The prestigious REACH awards represent UVic’s top accolades for teaching and research by faculty and graduate students across the campus.

"We are thrilled to see the work of so many Humanities scholars recognized by the university in the REACH awards this year," says Humanities Dean Annalee Lepp. "Congratulations to all four of this year's winners for the well-deserved recognition of their outstanding work and accomplishments in teaching, scholarship, and knowledge mobilization!"

Teaching Awards

Tim Personn (English) will receive the Gilian Sherwin Alumni Award for Excellence in Teaching, the highest honour for teaching excellence at UVic for Sessional Lecturers, Lab Instructors, and Senior Lab Instructors. Tim is an innovative and engaging teacher, one whose course design and materials provide rich opportunities not only for students to engage with each other, build community, and critically approach difficult material, but also to colleagues to discover new ideas, methods and approaches to teaching literature. He is a leader in the truest sense. His nominators highlight “how fortunate UVic students are to have an experienced teacher of this caliber.”

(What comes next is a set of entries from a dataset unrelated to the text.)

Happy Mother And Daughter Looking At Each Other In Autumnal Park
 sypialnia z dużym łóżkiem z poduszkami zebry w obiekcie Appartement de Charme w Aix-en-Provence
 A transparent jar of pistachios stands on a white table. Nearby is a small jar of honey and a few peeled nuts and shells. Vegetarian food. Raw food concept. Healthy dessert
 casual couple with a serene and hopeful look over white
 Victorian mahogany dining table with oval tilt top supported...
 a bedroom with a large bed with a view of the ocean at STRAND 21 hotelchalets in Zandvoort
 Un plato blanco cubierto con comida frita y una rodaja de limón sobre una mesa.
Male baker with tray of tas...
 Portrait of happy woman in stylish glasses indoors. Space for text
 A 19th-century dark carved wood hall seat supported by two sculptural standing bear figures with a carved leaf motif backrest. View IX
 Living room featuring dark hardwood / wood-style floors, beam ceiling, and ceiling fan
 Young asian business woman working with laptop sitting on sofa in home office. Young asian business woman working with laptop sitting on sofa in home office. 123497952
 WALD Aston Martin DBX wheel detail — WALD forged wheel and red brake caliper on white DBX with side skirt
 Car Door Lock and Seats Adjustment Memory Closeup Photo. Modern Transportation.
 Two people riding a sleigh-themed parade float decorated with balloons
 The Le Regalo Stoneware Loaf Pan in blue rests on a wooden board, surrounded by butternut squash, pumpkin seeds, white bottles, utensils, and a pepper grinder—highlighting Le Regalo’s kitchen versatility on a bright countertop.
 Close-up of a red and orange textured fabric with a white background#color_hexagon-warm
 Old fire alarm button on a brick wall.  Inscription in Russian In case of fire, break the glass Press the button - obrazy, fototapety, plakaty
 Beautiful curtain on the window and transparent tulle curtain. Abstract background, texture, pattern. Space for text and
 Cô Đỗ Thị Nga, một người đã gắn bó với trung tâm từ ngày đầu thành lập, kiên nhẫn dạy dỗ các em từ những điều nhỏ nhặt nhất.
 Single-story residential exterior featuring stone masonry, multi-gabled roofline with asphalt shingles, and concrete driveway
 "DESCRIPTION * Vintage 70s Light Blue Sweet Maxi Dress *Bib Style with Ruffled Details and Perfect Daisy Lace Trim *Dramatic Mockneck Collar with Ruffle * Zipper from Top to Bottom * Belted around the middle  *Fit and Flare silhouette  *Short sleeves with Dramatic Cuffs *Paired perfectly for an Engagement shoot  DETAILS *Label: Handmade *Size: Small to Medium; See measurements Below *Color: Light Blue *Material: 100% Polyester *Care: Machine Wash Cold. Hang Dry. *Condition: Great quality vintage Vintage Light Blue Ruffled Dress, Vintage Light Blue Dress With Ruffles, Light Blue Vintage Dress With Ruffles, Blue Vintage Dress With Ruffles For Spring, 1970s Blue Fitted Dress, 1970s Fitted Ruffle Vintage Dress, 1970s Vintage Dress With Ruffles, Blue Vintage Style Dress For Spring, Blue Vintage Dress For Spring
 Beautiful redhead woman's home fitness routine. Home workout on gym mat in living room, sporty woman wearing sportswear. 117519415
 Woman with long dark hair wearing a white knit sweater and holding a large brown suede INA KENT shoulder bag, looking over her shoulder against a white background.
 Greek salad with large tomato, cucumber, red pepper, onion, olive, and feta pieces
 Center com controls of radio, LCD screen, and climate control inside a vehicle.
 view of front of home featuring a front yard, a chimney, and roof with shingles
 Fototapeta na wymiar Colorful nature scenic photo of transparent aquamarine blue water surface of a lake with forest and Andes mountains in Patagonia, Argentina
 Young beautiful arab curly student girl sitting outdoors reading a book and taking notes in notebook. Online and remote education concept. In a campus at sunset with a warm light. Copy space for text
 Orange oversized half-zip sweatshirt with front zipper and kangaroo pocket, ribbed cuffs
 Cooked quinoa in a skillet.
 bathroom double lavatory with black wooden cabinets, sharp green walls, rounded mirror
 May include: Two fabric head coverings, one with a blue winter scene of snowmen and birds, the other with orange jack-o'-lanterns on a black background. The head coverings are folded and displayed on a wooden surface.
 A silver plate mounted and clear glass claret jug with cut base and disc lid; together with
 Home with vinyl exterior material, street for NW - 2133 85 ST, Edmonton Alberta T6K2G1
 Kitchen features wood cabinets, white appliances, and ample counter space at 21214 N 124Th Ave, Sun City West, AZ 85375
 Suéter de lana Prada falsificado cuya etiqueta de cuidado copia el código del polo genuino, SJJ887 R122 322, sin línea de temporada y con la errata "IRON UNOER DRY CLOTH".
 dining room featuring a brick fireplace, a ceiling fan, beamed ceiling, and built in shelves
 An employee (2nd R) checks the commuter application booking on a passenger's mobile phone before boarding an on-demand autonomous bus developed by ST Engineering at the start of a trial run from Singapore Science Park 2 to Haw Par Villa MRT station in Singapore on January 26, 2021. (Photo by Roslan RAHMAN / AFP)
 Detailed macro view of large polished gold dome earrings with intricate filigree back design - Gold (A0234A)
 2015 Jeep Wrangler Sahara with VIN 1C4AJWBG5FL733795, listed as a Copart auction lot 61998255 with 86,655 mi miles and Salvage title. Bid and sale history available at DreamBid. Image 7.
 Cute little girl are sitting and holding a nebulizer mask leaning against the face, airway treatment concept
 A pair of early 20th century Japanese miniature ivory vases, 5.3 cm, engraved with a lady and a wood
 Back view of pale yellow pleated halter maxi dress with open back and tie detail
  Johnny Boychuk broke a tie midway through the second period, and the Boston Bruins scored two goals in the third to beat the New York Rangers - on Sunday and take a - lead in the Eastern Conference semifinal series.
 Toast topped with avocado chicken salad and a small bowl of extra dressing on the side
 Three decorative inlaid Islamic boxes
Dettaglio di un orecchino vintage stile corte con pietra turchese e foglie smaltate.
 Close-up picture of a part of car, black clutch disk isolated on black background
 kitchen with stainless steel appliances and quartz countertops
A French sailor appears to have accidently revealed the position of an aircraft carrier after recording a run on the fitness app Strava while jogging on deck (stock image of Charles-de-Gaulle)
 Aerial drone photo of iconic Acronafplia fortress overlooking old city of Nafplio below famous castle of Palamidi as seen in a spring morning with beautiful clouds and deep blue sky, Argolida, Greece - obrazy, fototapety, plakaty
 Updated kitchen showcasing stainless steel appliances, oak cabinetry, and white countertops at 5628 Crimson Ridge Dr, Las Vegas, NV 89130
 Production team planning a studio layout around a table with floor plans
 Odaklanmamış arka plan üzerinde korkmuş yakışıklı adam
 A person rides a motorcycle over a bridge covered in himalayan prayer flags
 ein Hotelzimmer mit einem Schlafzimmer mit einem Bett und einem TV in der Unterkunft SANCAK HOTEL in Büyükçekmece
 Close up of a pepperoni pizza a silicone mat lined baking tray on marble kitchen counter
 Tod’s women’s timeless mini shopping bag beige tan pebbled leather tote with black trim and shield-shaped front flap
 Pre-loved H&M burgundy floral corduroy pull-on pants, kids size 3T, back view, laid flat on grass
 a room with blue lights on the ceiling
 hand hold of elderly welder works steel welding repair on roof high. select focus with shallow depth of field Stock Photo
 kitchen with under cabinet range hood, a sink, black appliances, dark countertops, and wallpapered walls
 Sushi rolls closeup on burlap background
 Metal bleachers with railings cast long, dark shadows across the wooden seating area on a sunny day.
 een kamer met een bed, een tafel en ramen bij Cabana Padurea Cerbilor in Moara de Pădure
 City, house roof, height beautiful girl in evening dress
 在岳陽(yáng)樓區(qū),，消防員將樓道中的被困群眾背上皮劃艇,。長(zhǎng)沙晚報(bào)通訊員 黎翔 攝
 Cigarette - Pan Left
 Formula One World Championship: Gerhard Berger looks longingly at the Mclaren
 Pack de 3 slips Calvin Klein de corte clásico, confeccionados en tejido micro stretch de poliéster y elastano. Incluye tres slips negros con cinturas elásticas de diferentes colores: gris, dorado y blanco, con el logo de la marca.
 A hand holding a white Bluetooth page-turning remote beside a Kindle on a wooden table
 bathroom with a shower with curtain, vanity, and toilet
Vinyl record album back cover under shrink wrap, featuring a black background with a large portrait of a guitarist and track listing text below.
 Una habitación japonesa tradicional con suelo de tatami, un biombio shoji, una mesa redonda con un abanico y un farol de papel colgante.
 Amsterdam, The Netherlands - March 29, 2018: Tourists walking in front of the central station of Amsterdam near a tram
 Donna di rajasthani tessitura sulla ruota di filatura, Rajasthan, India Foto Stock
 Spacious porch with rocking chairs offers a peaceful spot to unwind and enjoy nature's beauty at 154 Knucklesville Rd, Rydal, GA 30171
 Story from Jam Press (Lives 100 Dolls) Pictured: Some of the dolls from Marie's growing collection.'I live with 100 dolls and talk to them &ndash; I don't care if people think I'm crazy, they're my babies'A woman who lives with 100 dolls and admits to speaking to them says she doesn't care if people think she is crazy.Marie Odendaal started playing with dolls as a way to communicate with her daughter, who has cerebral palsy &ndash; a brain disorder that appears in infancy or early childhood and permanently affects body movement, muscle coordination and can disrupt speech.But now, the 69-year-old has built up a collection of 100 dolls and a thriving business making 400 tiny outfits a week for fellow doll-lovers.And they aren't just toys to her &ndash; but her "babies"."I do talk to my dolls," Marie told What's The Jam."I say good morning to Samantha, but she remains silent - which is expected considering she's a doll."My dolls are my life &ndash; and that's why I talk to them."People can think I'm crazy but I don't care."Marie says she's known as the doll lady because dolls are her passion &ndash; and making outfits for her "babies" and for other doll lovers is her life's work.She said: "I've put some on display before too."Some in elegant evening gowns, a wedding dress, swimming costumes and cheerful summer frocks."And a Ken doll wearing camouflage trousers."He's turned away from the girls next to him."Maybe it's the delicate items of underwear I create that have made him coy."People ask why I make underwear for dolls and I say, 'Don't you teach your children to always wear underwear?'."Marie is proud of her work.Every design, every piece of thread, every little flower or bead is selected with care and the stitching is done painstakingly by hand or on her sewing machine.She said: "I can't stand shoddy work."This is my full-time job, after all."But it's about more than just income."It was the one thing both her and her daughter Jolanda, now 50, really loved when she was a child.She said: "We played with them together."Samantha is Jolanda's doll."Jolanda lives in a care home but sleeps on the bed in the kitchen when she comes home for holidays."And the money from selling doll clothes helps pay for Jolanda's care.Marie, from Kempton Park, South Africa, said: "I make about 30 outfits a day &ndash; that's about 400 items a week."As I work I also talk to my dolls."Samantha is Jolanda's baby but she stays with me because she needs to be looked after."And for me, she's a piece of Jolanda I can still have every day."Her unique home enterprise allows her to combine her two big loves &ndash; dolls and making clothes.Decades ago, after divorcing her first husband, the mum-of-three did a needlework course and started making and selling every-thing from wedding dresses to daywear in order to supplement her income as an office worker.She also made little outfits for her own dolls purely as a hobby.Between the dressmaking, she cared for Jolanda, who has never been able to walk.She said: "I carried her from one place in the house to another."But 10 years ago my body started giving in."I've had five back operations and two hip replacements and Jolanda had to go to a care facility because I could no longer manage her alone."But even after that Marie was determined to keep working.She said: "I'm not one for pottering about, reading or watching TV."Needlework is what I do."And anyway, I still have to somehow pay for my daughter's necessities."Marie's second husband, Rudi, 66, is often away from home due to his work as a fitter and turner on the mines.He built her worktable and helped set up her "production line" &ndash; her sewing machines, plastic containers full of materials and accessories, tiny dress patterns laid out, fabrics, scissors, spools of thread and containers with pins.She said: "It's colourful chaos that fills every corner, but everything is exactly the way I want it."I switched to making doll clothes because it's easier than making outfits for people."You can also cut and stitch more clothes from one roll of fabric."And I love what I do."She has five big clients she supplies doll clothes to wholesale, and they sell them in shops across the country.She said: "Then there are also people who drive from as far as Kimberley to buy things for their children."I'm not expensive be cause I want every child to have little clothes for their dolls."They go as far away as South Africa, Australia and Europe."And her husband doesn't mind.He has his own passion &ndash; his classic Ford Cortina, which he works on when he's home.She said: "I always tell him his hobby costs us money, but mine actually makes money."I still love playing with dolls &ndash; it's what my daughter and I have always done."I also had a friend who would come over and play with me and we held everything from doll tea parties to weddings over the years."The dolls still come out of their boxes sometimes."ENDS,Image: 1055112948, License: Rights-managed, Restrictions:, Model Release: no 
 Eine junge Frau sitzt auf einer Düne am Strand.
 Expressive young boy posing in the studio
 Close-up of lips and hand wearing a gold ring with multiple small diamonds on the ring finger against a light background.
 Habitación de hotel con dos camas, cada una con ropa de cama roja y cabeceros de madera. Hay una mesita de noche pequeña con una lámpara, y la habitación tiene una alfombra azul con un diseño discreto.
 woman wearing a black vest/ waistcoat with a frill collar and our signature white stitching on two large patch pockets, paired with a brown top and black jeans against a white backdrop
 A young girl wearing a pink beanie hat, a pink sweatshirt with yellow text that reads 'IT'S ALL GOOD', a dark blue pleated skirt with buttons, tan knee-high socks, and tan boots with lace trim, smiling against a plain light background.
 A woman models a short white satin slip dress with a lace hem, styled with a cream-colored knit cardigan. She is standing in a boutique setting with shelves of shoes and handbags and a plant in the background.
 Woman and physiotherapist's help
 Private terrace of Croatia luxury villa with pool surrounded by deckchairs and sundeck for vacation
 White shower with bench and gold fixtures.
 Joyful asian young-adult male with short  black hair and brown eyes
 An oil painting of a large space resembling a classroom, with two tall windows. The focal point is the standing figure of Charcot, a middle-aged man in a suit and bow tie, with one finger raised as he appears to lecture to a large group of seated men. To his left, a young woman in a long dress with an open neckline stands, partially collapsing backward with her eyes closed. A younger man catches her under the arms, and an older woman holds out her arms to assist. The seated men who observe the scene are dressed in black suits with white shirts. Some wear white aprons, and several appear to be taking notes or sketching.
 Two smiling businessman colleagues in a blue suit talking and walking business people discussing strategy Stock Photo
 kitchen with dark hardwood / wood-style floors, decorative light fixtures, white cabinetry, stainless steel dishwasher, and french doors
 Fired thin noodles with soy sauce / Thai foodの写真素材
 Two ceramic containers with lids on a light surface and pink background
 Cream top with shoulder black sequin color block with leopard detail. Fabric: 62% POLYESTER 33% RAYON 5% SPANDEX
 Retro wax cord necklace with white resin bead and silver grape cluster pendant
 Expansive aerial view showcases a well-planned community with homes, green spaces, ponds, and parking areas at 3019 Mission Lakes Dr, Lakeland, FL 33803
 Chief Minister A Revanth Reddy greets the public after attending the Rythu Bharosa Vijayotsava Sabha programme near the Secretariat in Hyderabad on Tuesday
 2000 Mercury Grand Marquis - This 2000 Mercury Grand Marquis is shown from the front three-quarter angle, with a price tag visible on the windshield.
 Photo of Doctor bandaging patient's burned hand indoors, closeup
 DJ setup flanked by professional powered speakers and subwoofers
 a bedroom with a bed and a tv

Brendan Burke (Greek and Roman Studies), the current Andrew W. Mellon Professor at the American School of Classical Studies at Athens, will receive the Award for Excellence in Teaching for Experiential Learning. Hands-on, immersive, dynamic learning is integral to Brendan’s entire philosophy of teaching, forming a career-long commitment that has profoundly enriched the academic, intellectual, and cultural experiences of hundreds of UVic students in the Faculty of Humanities and beyond through the Department of Greek and Roman Studies’ Semester in Greece and Study Abroad programs, which he also directs. Brendan is not only an excellent teacher and inspired supervisor and mentor, but is also an internationally recognized expert in the development and deployment of travel-enriched education and a fierce advocate for making experiential learning accessible to students from all backgrounds. A former student noted, “Above all, Brendan taught me that scholarly work can be full of wonder and excitement while still addressing rigorous academic questions.” They conclude, “His example as an educator continues to motivate me today.

Tim Personn and Brendan Burke exemplify the highest standards of teaching, inspiring students and colleagues alike through their passion for their subject matter. Both are outstanding researchers who show great presence in the classroom."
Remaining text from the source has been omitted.